Charlie Cook followed that up with a National Journal piece late Thursday:

“Republicans would be much wiser to pursue a third option: Dig up as much damaging information as they can about the Obama administration and leak it to reporters they know will write tough stories that won’t be traced back to the source. That way, the public won’t see the GOP as being obsessed with attacking the other side and playing gotcha at the expense of the big issues facing the country—the ones voters really care about.

“Meanwhile, everyone in Washington will watch polls for signs of blood in the water, indications that the controversies or scandals—depending upon your perspective—are taking a political toll on Obama’s job-approval numbers.”

Meanwhile, 70 GOP representatives, led by Rep. Matt Salmon (R-AZ), have set out to lower Congress’s popularity, and the Tea Party is cheering them on. Their goal is to make Boehner follow the “Hastert rule”: only bills with majority GOP support are allowed on the House floor.

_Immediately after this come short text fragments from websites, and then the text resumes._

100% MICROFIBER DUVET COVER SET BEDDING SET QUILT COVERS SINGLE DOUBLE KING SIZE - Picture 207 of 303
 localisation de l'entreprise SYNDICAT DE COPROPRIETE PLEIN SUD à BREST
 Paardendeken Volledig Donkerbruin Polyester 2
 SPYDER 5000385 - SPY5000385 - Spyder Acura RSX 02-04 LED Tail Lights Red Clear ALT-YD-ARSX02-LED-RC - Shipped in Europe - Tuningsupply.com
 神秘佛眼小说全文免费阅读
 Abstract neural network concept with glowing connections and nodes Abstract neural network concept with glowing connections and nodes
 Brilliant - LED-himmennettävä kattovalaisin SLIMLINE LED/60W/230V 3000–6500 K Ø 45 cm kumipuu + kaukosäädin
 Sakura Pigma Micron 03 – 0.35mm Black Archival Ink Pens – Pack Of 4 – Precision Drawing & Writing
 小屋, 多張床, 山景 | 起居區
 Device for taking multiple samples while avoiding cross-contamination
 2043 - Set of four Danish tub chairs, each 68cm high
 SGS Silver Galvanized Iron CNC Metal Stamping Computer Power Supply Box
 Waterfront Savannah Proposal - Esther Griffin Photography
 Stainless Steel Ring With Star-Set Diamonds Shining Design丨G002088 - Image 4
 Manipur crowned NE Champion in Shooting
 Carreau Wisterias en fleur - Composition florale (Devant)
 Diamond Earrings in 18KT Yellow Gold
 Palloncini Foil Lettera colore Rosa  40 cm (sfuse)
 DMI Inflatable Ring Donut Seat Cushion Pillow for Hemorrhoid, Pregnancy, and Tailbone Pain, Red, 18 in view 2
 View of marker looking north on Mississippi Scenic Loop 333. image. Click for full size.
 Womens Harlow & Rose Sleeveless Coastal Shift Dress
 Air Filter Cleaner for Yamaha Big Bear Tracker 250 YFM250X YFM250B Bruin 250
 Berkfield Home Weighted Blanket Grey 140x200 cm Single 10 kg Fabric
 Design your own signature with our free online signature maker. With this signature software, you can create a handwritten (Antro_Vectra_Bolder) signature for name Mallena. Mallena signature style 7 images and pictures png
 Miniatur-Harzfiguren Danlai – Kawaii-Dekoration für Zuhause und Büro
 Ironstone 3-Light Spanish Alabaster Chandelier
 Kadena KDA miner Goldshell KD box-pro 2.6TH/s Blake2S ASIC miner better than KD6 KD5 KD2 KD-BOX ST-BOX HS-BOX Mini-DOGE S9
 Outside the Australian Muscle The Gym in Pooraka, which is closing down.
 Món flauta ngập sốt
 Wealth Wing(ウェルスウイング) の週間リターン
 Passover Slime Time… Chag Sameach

There actually is no “Hastert Rule.” Its author, GOP strategist John Feehery, said that it is “situational advice, never a hard-and-fast rule.” He sees insistence on this “rule” as counterproductive for conservatives, encouraging ideological rigidity and eliminating any compromise with Democrats, meaning that Boehner must work with the opposing political party to pass any bills other than renaming post offices.

After Issa’s letter to Rep. Elijah Cummings (D-MD), scolding him for demanding the release of full transcripts of the IRS investigation, the Democrats on Issa’s House Oversight Committee responded. They set Monday as the deadline for Isssa to explain why he refuses to release these transcripts of witness testimony or they will release the transcripts themselves. Issa’s problem is that the transcripts will most likely indicate no evidence of White House involvement in the process of selecting IRS audits.

Issa is most likely looking forward to the August town hall meetings where he has total control. Recess will make little difference in the Congressional level of activity; it just means that they cannot do any harm.